[Opening The input section]

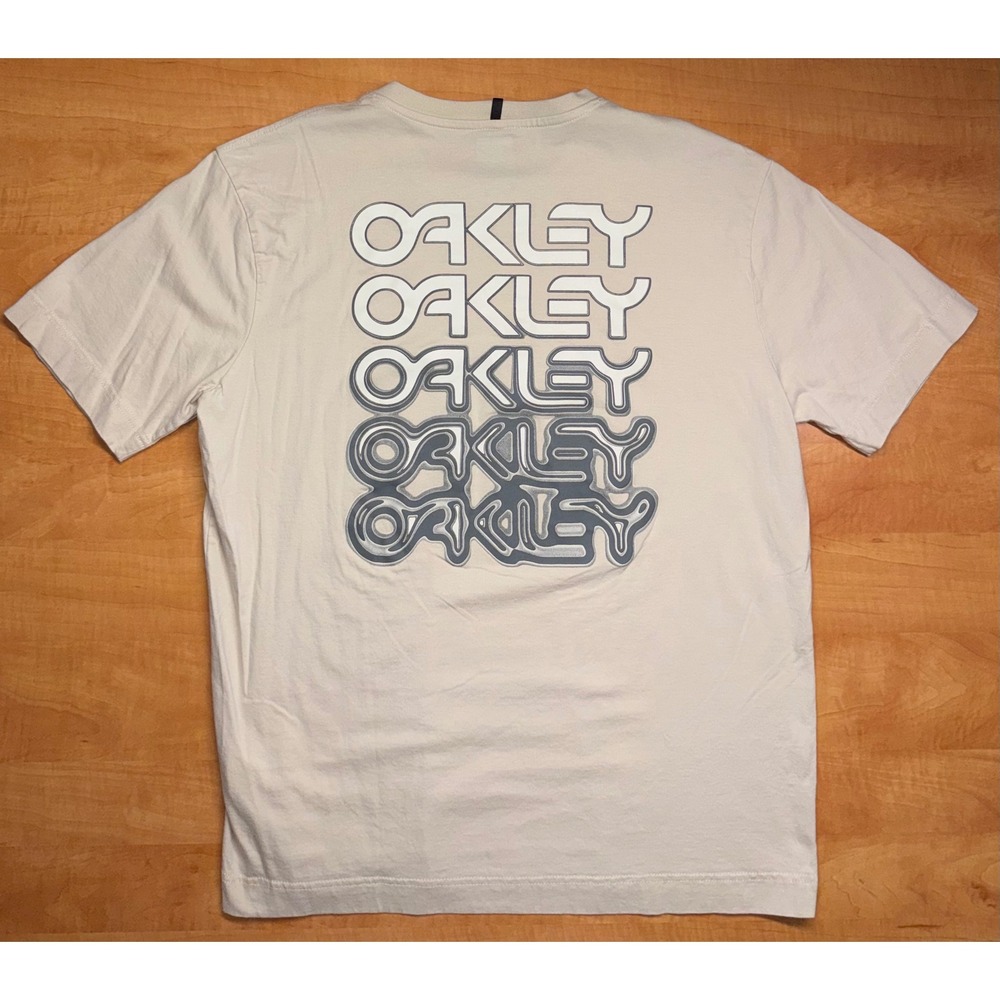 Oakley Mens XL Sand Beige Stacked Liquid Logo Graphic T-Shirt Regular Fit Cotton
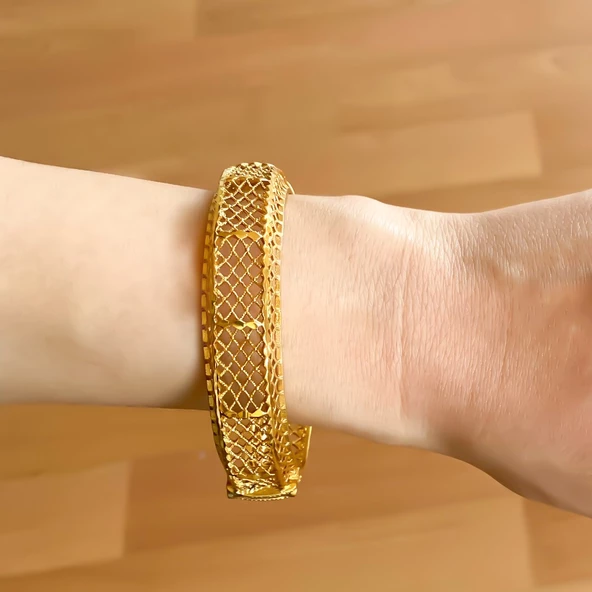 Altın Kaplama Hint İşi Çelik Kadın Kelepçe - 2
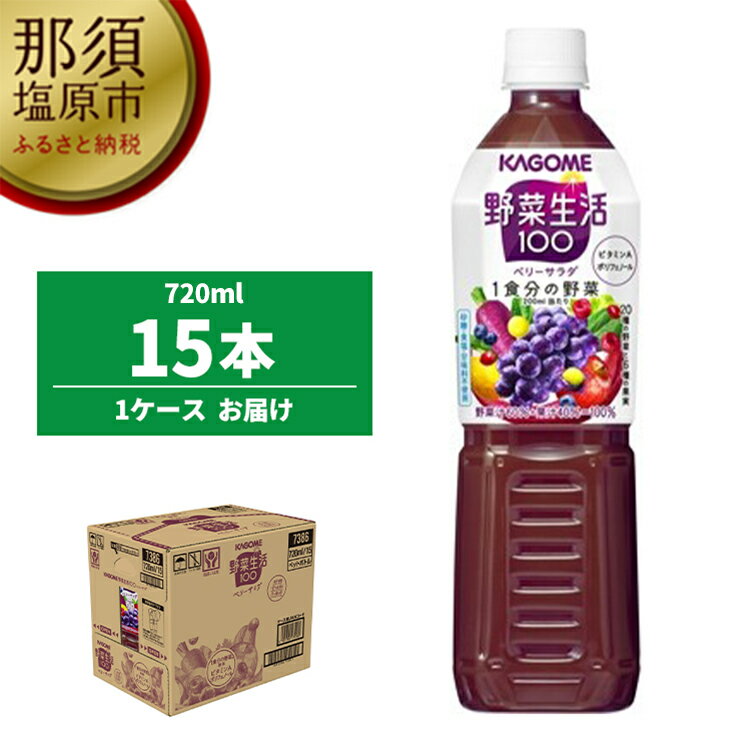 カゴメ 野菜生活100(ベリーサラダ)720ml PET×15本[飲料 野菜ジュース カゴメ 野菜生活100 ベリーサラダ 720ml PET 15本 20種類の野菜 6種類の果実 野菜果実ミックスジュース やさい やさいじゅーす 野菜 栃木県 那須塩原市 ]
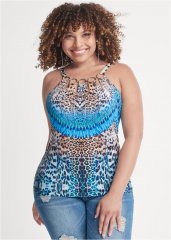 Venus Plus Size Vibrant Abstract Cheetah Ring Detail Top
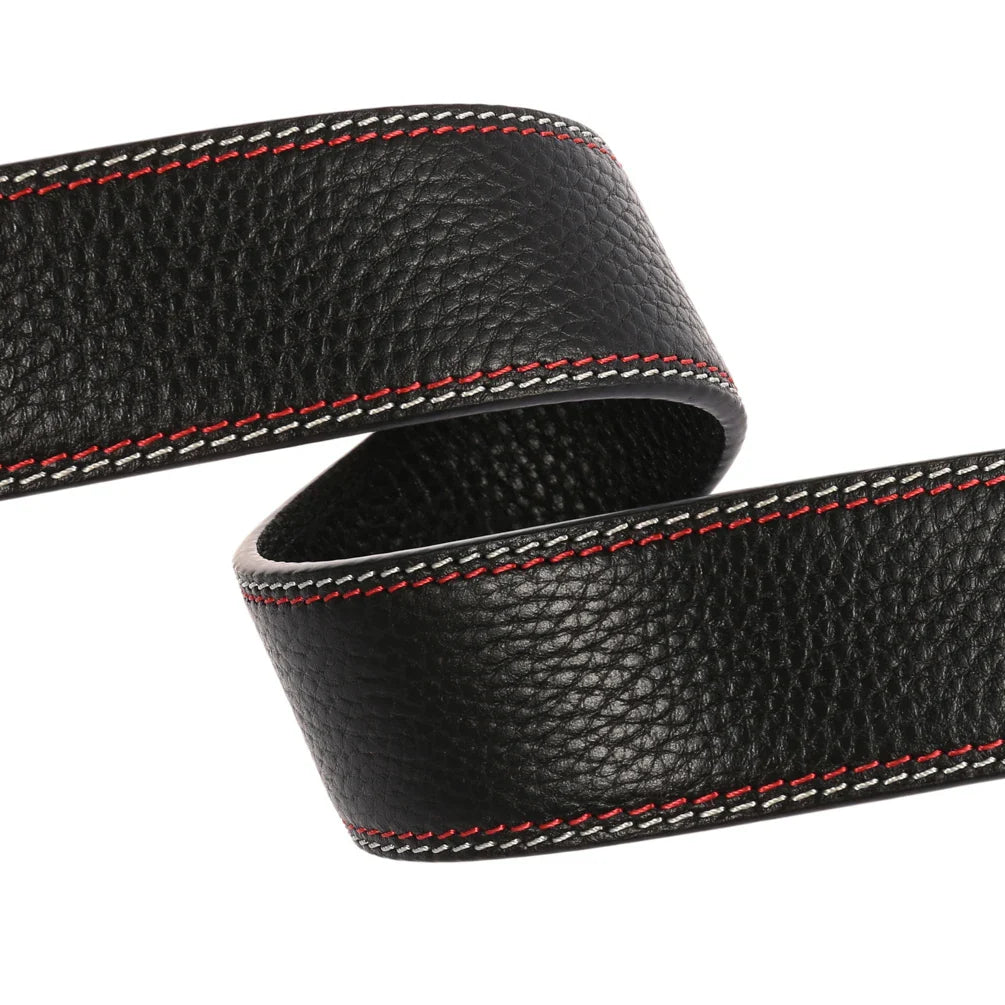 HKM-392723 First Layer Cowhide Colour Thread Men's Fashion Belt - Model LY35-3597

[Closing The input section]

* **Task to complete**
Skip the pictures. Please copy exactly the lines from the one with "Venus Plus Size" through the final line of the material above, both ends included.

* **Result for this exercise**
 Venus Plus Size Vibrant Abstract Cheetah Ring Detail Top
 HKM-392723 First Layer Cowhide Colour Thread Men's Fashion Belt - Model LY35-3597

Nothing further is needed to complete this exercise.